Over the past several years,
we have inhereited several "family" real estate properties;
each with their own unique set of circumstances, title, etc -
We'll skip the complex details,
and only address the most recent coin toss.
One of the houses in the Chicago area
has an offer, and should close - hopefully.
This is totally paid off,
and inhereited by the brothers & sisters.
There are 2 condos in downtown Chicago -
an area called River City -
They are underwater with respect to the mortgage...
purchased around 2005.
Several in the building have sold using Short Sales,
so the comps look really bad...
Here are the incomes vs expenses listed below...

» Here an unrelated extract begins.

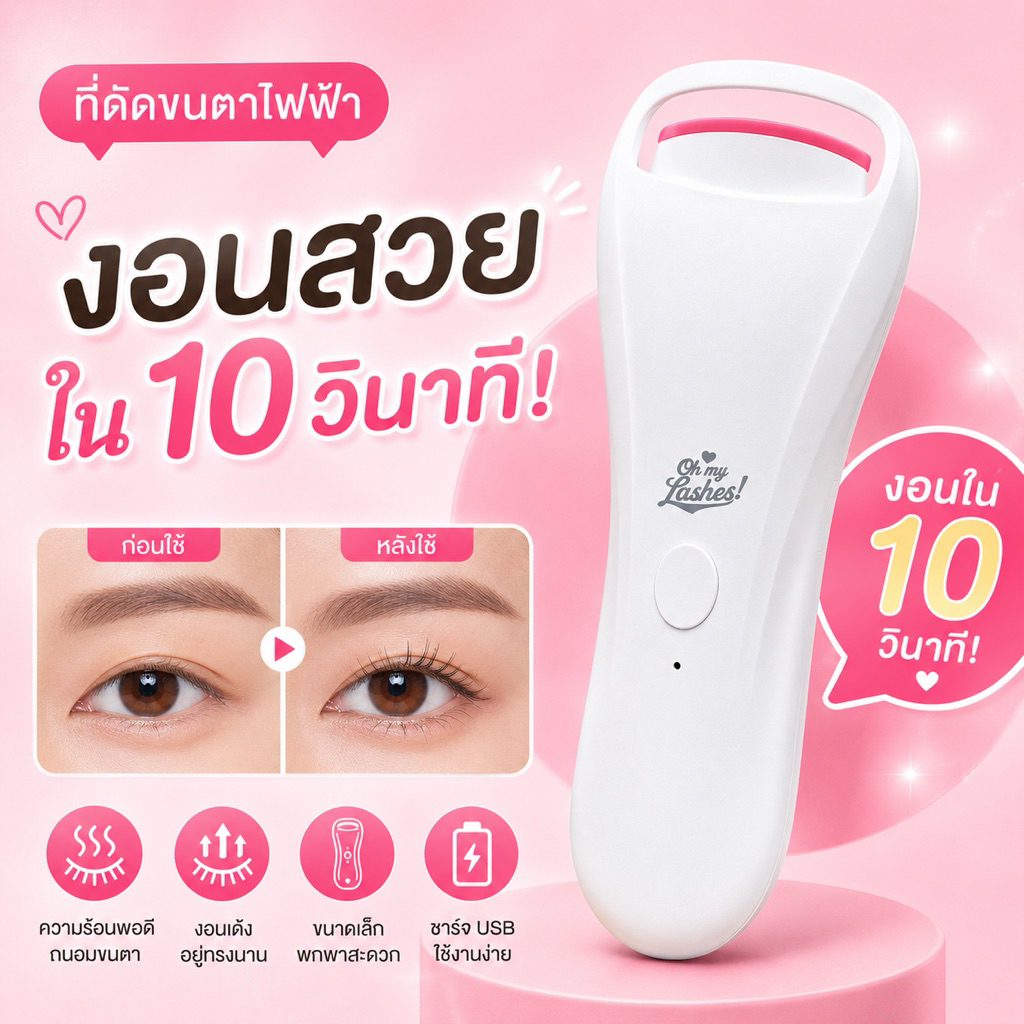ที่ดัดขนตาไฟฟ้า ซิลิโคนเปลี่ยนสีตามอุณหภูมิ แบรนด์ Oh My Lashes! ปรับอุณหภูมิได้ 2 ระดับ ชาร์ตด้วย USBพกพาสะดวก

Should we take the proceeds from the house sale
& pay off the mortgages & continue to hold,
or what other strategy might we investigate ???
Unit A -
mortage = $133k, worth about $100k
rent = $1150
mortgage = $1070, assessment = $515, taxes = $275
Unit B -
mortage = $125k, worth about $95k
rent = $1175
mortgage = $970, assessment = $480, taxes = $275
I'm not sure this is the best forum for your question, but in fairness to
you it spans several including legal and tax. I'll try to give you some
basic info BUT you really should get all the siblings together and meet with
a tax pro in your area to discuss this in detail. Then be prepared to meet
with an attorney. Also, each sibling may well be in a different position
financially and each will be impacted differently by what is ultimately
done. Do keep in mind that I am not an attorney, do not play on TV or this
NG and am not giving you legal advice.
First - you need to determine how the properties are legally titled. Are
they held in individual names - Jane Doe, Jim Doe & John Smith, Tenants in
Common (or Tenants with Rights of Survivorship) - or are they held in the
name of an LLC or Partnership - like The Smith Family LLC. How they're
titled will matter.
Second - a short sale result in cancellation of debt income. Essentially
you're selling the property for less than you owe, the bank writes off the
shortage and issues (usually) a 1099-C to report the cancelled debt. That
debt IS taxable income to the extent that the owner(s) are either insolvent
or bankrupt. This is where title starts to matter.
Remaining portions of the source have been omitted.